▶ **Required work**
Each line of the material that mentions the word "with" is to be copied.

▶ **Dataset records**
+++

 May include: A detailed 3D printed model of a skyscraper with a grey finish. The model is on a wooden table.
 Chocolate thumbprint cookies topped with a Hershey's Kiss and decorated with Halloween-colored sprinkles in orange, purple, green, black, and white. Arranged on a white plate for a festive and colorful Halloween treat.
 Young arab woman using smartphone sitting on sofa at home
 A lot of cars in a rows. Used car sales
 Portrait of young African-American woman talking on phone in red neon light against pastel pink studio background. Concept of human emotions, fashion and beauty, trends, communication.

+++

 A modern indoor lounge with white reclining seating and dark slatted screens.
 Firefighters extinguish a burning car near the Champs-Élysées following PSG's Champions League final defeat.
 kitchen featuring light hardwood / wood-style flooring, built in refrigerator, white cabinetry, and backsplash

+++

▶ **Output of the task**
 May include: A detailed 3D printed model of a skyscraper with a grey finish. The model is on a wooden table.
 Chocolate thumbprint cookies topped with a Hershey's Kiss and decorated with Halloween-colored sprinkles in orange, purple, green, black, and white. Arranged on a white plate for a festive and colorful Halloween treat.
 A modern indoor lounge with white reclining seating and dark slatted screens.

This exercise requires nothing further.